MIRADA TRAS EL CRISTAL
Era una vieja mesa de madera de un color claro con un pequeño jarrón de cristal que contenía un ramo de rosas de colores pálidos, creo que las compró en una pequeña floristería que estaba a punto de cerrar, o al menos eso parecía por el pequeño cartel que se colocaba en el medio del escaparate con la palabra liquidación, aunque tampoco era muy fiable porque tenia ya un aspecto viejo y deteriorado, al igual que las flores que se encontraban en el interior. La tienda se situaba cerca de la casa donde ella vivía, solo a unos metros y a cinco minutos andando con paso distraído y vacilante, como solía pasear cuando salía a la calle.
No salía mucho porque en realidad le gustaba estar en casa mirando tras los cristales, más bien oscuros, que tenían las ventanas de su casa. Le encantaba mirar las ropas, los sombreros, los carromatos, los niños corriendo y jugando con una pequeña cuerda que se les quedaba corta para poder saltar con facilidad…y sobre todo le encantaba observarle a él. Un gran caballero, esbelto muy alto y con una sonrisa picara que asomaba debajo de su sombrero, sus ojos no sabría como describirlos con precisión, porque cada día cambiaban de color, dependiendo de la luz, a veces parecían verdes, otras veces más bien grises y otras eran de un color marrón claro. Pero lo que le llamaba mucho su atención eran las manos, nunca había observado unas manos tan perfectas, además jugaban con el paraguas de una forma peculiar, le daba vueltas, luego un pequeño balanceo e inmediatamente una vuelta más rápida que la primera. Era gracioso, su forma de andar no era perfecta, es mas, a unos doscientos metros podría identificarle sin ninguna dificultad, porque al andar parecía que bailaba, además al ser tan alto no era complicado el distinguirle.
Era el, simplemente un hombre feliz, que no tena miedo, seguro de si mismo, justo todo lo que ella buscaba, justo todo lo opuesto a ella misma. Le adoraba, le fascinaba, se volvía loca cuando observaba que hablaba con otras mujeres, siempre con su paraguas y con ese traje azul que tanto le gustaba lucir.

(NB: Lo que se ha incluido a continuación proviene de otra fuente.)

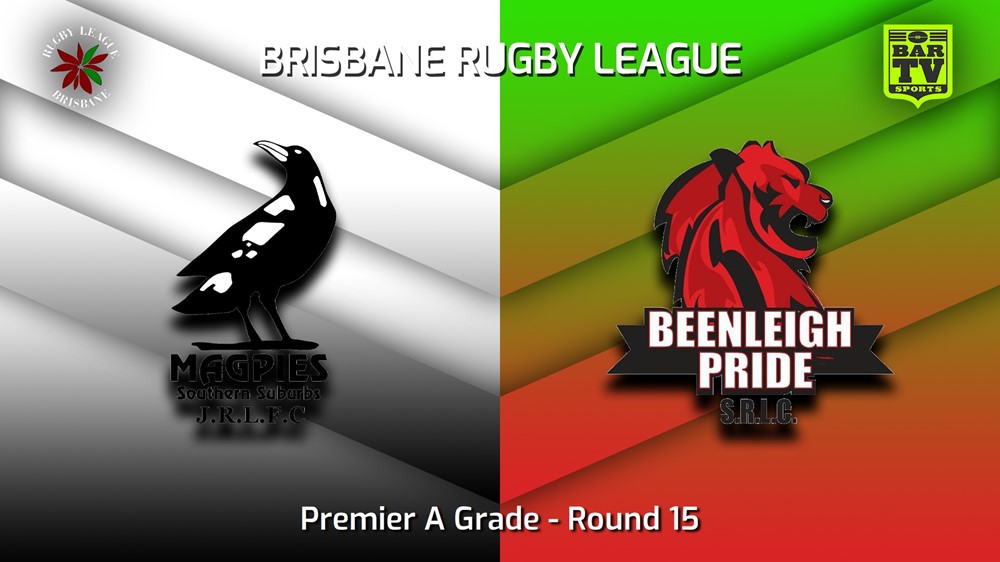 230715-BRL Round 15 - Premier A Grade - Southern Suburbs Magpies v Beenleigh Pride Slate Image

Y ella se enfada consigo misma por no tener la suficiente valentía para acercarse, para entablar una conversación con el, ¿pero que le podría decir? No solía hablar con mucha gente, solamente con la vecina de la casa contigua cuando la traía una carta que por equivocación le habían dejado debajo de la puerta de su casa. Había leído muchos libros, de todas las clases y se podría decir que tenía conocimientos suficientes para hablar de cualquier tema, pero sabía que ante su presencia, comenzaría a ponerse nerviosa, la lengua se le trabaría, la mirada volaría por toda la calle, no por falta de sinceridad sino mas bien por timidez, y poco a poco el rostro de aquel hombre iría modificándose hasta llegar a esa cara que ponía en las ocasiones donde se sentía incomodo y queriendo escapar.
Sí, así es, conocía todos sus gestos, posiblemente era la mujer que mejor le podría describir, a ella nunca la podría engañar, no le valdría la mirada profunda, los ojos picaros, quitarse el sombrero y mirar al sol para que los rayos le dotaran de esos reflejos medio rubios que poseía por herencia de su madre, una mujer bellísima que se dice que fue novia del Rey pero que le abandono tras conocer a un agricultor, no muy rico, pero con una casita en la sierra de Madrid que era la envidia de todos sus vecinos, además la amaba como nadie pudo amarla jamás, era tanto su amor que un mes después de haber muerto ella, el cayo enfermo subiendo a darla la mano tras pasar dos días y medio. Su amor, ese hombre que veía tras la ventana era la persona que mejor conocía, y sabía por ello que ella, con sus ropas, su pelo enredado, una casa vieja y oscura nunca podría acercarse ni por asomo a unos metros de él.